Eso no impedía que cada vez que tenía ocasión, me fuera comprando alguna corbata, acumulándose en mi armario, soñando que llegara algún momento en el que se convirtiesen en una prenda diaria. Pero a pesar de mis deseos, la corbata ha sido siempre la gran ausente en mi vida.
 
La corbata es como la vida misma. Elegir adecuadamente una es a veces algo arriesgado, porque luego hay que colocarla sobre una camisa y un traje y conjuntarlo todo para que quede perfecto, sin estridencias. Decía que las corbatas son como la vida misma: Hay una fina línea que separa la elegancia o la modernidad, de la horterada. Si no, hagan la prueba y analicen esas corbatas que van circulando por la calle y se cruzan en nuestro camino. Describen perfectamente la personalidad del pedazo de carne que tiene atenazada la corbata.

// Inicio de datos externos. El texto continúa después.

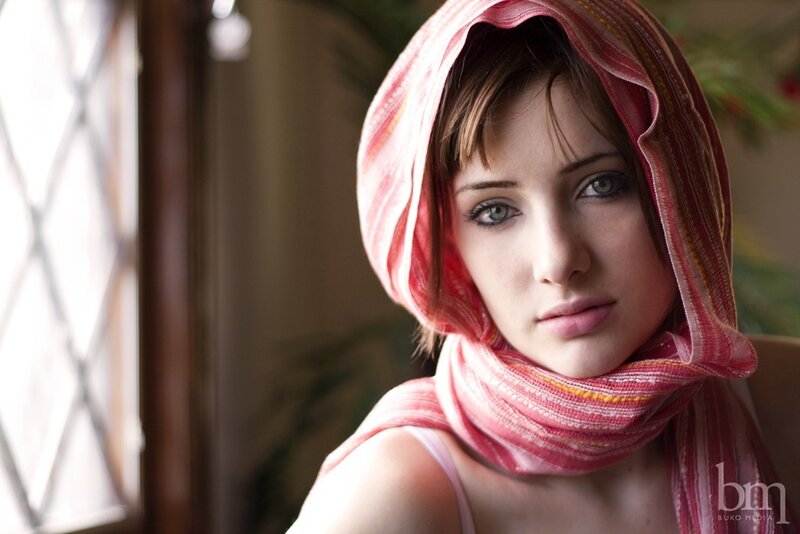 woman with pink headscarf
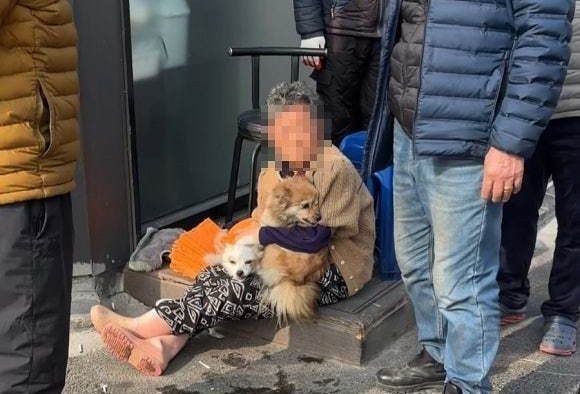   住宅火災現場で救助された後、飼い主の腕に抱かれている犬。［写真　論山消防署］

Por mi trabajo de médico de emergencias he ido cambiando varias veces de uniforme. He tenido pantalones grises, pantalones blancos, azules eléctricos, otros azules marinos, pantalones con cuatro bolsillos, con cinco bolsillos, con velcro, sin velcro, camisa de botones, polos de algodón de color blanco, de color rojo, polos que parecían camisetas de fútbol de colr amarillo o incluso naranja, por no dejar de mencionar los inolvidables chalecos y chaquetones amarillo Gáldar, amarillo Arguineguín e incluso unos de color amarillo Maspalomas.
 
Todo esto, pero de corbata nada.
 
A lo mejor uno por sistema quiere lo que no tiene, puede ser... pero la verdad es que siempre he escuchado con asombro a trabajadores de corbata diaria diciendo:
- ¡No sabes el coñazo que es llevar corbata! ¡Todo el día con la corbata apretándote el cuello...! ¡A quién se le ocurriría inventar la corbata! ¡Estoy deseando que lleguen las vacaciones sólo para no tenérmela que poner...!

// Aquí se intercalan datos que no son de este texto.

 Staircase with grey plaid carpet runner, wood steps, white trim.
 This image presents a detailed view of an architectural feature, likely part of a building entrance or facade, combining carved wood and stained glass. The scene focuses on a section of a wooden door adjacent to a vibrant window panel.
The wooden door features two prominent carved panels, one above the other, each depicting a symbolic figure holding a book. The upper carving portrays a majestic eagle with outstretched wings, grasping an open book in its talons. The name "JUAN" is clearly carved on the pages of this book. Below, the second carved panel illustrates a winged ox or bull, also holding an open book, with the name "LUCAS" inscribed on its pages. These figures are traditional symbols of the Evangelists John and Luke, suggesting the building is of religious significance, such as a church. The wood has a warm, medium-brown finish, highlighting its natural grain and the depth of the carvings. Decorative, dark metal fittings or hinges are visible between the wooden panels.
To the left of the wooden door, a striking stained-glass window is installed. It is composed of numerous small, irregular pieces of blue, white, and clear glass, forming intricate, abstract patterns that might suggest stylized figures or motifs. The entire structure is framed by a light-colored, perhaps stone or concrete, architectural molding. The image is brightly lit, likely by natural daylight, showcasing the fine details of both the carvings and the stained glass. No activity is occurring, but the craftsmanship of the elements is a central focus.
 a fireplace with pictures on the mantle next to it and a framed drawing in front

Les oigo y sin querer lo comparo con esa otra blasfemia que también escucho de vez en cuando:
- Mmmm. ¡El chocolate es el mejor sustituto del sexo!
 
Y para continuar hablando de placeres, pocos hay tan gratos como cuando terminas de anudarte la corbata y queda perfecta a la primera. Es un acontecimiento casi mágico. Siempre que me sucede tengo unas ganas irrefrenables de marcar con rotulador indeleble el punto en el que comencé a pasar un extremo bajo el otro,para que la ocasión se repita.
 
Desde siempre he soñado con tener un trabajo que me obligue a ir en corbata cada día. Y si he de confesar algún tipo de fetichismo, mi sueño erótico por excelencia es una variante de ese aquí te pillo aquí te mato con el que todos los hombres soñamos con encontrarnos para cuando llegamos a casa. Pero en mi particular versión, justo al flanquear la puerta, te agarran de un tirón de la corbata, obligándote a acercarte a ella, besar sus labios y atrapado por esa correa, así estar a su completa merced.

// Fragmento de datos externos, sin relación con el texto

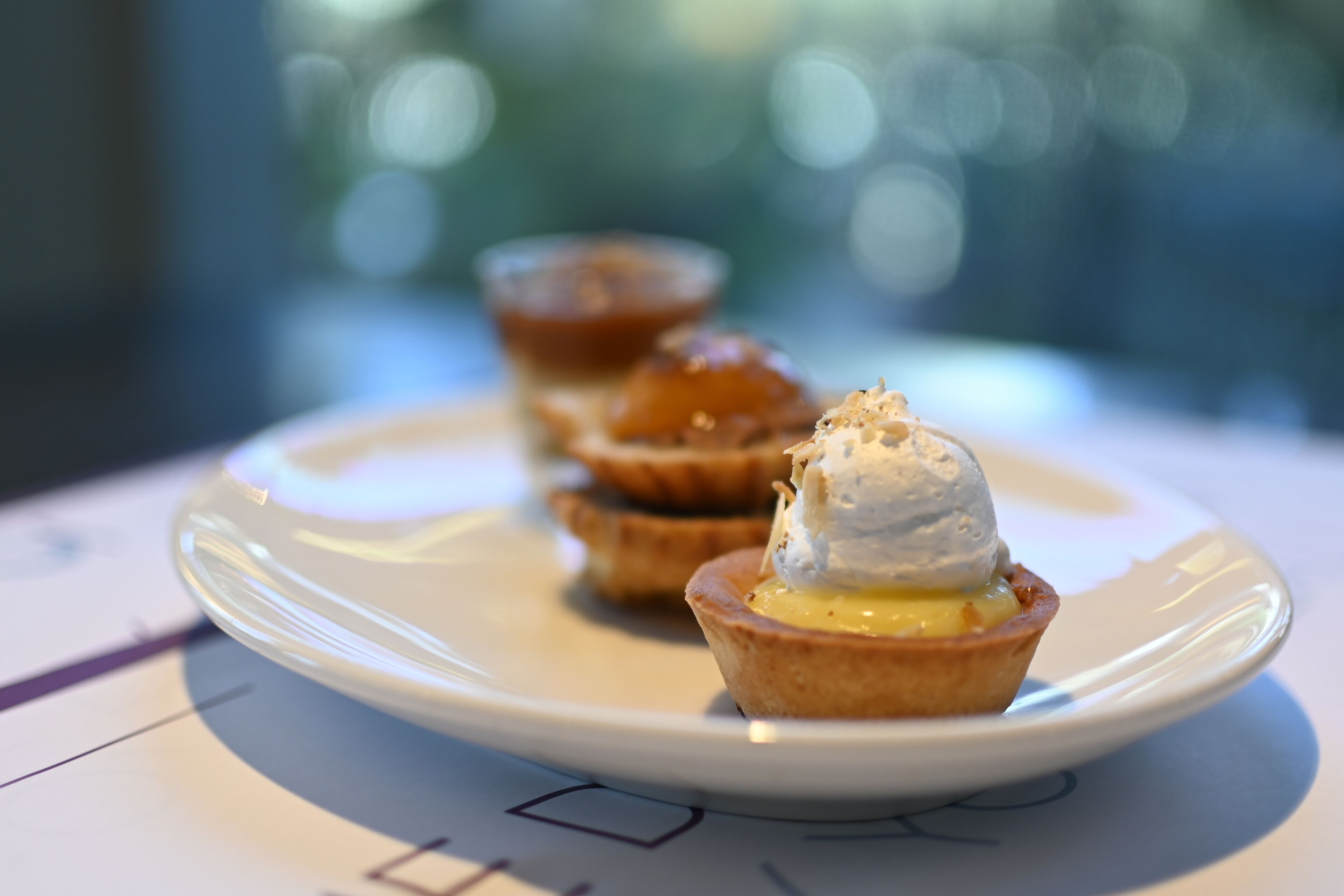 A plate with three small pastries, one topped with a dollop of cream.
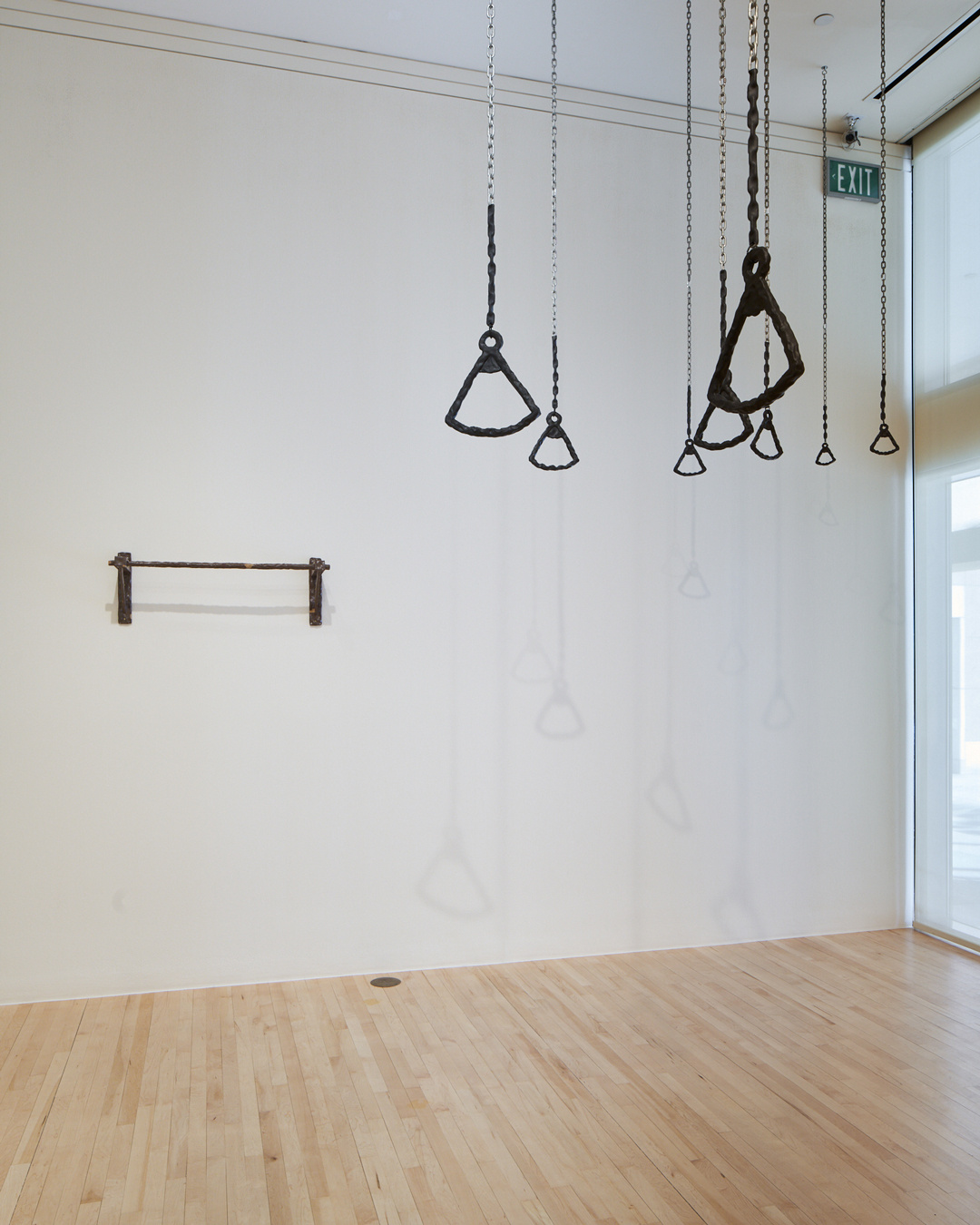 An off-white gallery wall is barren except for a small, metal pull-up bar positioned on the wall's left, midway to the ceiling. In the upper right quadrant, eight black trapeze pull up bars hang from chains on the ceiling and cast faint shadows onto the gallery wall.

Igual que nunca dudé que el amor de mi vida algún día iba a llegar, aunque ignoraba cuándo, ni quién sería, cuando apareció  la reconocí de inmediato. Con la misma certeza, de alguna manera sabía que mis días de corbata estaban por venir.
Pienso que la vida son ciclos más o menos largos. El mío parece que comienza a cerrarse. Hace apenas más de un mes que he cambiado de trabajo. Llevo buscando algo así desde hace tres años, tal vez más. Cada día me levanto muy feliz porque por fin puedo vestir mi colección de corbatas que esperaban ansiosas que alguien las retorciera y luciese con orgullo.
Aquí estoy, cada mañana, dejando a los niños en el colegio y marchando al nuevo trabajo muy contento con mi nueva vida. Y mis corbatas.
Las paseo muy feliz todo el día, hasta que llego a casa. A ver si un día de éstos me encuentro con la sorpresa de que los niños no están y entonces sí que espero poder cerrar el círculo completo. Y cuando eso suceda podré decir a todos algo que pienso desde hace muchos años:
Que donde esté una corbata, que se quite el chocolate.